The new standards allow nonprofits to pay for implementation costs associated with cloud computing across the expected life of the cloud computing arrangements (CCA), rather than posting a large operating expense in the year of implementation.
What Nonprofit Executives and Accountants Need to Know
Most importantly, these updates mean that nonprofits are no longer required to post a large operating expense for the costs of moving to the cloud in the year incurred. Instead, what previously was a large single-year “overhead expense” can now be spread over a period of years.
The often-large one-time implementation costs all counted as overhead expenses under the previous rules, which hindered technology adoption by nonprofits and caused organizations to under-invest in essential infrastructure. Although there is little evidence that higher overhead expenses negatively influence nonprofit operations or outcomes, foundations and individual donors sometimes apply rigid limits on overhead spending to grants and contributions or use subjective overhead ratios as a key ranking mechanism. Consequently, organizations were left to choose between investment in technology infrastructure or minimizing their annual overhead rate. And in instances where funders place strict overhead limits on the use of grant funds, nonprofits essentially had those decisions about technology strategy made for them.
Ultimately, the new standards provide more meaningful, consistent information to the users of nonprofit financial statements. The old standards made it difficult for users to fully understand nonprofits’ operations, because for some organizations large implementation costs appeared on income statements in a single year, whereas for other organizations the language in an agreement or technical differences in the delivery of a service (but not the organization’s use of a service) resulted in costs being allocated over a period of years. The new standards align all types of software, ensuring that the total costs are spread across the estimated life of the system.

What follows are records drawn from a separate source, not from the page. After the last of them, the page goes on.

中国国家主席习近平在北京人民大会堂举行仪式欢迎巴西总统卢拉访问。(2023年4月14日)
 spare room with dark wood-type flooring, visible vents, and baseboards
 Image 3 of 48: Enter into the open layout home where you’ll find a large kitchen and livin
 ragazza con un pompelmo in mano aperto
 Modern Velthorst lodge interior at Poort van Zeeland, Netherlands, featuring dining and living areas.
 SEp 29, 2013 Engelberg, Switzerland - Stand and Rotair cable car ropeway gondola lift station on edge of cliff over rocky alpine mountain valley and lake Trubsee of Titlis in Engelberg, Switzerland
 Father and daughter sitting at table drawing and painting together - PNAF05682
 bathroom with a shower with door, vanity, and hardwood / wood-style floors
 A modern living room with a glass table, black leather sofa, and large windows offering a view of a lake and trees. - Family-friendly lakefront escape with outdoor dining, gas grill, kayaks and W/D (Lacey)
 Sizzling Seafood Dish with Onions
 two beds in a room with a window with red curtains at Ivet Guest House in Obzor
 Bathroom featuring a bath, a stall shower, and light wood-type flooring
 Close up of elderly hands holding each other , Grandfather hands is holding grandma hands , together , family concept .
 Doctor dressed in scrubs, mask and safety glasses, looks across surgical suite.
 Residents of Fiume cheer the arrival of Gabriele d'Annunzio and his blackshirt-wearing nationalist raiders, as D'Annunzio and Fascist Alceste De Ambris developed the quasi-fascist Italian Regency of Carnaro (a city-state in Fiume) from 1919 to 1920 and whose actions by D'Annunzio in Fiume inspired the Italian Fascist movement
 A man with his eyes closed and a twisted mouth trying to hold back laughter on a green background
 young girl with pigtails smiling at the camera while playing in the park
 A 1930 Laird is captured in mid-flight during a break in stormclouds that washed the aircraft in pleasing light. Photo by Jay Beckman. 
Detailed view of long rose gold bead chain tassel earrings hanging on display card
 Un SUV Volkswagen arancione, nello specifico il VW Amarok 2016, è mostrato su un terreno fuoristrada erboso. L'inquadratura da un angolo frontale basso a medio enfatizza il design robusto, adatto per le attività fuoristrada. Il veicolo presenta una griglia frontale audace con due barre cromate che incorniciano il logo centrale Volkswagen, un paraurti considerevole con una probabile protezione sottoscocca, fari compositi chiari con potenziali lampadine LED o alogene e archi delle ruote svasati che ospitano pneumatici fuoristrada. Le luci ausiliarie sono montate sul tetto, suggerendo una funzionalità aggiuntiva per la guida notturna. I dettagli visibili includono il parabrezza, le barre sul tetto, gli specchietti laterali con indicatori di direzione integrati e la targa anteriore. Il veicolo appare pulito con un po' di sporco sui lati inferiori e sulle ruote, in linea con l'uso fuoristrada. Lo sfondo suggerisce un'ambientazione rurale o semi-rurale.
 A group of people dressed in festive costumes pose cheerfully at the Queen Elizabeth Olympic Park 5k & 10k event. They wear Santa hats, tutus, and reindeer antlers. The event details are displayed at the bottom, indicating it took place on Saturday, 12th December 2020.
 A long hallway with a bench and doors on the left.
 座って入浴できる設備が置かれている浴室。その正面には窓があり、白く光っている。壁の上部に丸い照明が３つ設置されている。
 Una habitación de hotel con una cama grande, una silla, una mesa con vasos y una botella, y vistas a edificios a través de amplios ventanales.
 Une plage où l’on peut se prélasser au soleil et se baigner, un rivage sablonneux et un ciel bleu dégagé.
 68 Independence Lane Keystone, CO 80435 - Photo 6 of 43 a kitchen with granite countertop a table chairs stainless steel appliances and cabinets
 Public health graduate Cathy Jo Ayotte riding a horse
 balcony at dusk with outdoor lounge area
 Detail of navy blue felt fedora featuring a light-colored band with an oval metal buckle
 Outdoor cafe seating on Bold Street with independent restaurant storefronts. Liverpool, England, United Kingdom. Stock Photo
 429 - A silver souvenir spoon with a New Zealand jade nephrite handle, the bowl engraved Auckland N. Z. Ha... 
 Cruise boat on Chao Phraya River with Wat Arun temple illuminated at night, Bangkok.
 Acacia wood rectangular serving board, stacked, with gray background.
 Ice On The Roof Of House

What Nonprofit Professionals Need to Know
Understanding that the cost of eligible cloud computing arrangements can be spread over a longer period can help you make better tech decisions for your organization. Now is the time for your leadership, finance, and IT teams to work closely together to determine how this change might impact spending (including expenses already incurred), budgeting, and even the way you apply for grant funding. This is a great opportunity to align investments in technology with strategic objectives, and to “think big” without fear of blowing up your balance sheet. It’s also a great opportunity to actively engage funders about strategically building out your technology infrastructure.
What Funders Need to Know
Technology is an increasingly important part of how the social sector delivers impact, and organizations without requisite capacity can simply be inefficient, or in the worst cases, put donors, funders, and communities at risk. Accordingly, it was the view of the Tech for Common Good collaborators that from an accounting standpoint it makes sense to treat organizational investment in technology in a manner consistent with its strategic importance. The updated rules give organizations much greater freedom to spend on tech. Just as important, funders are not disincentivized from supporting tech projects in the first place. A good tech strategy enables organizations to focus more of their staff time on executing against mission, and funders should be actively encouraging grantees to leverage technology and data to maximize their programmatic work and overall operations.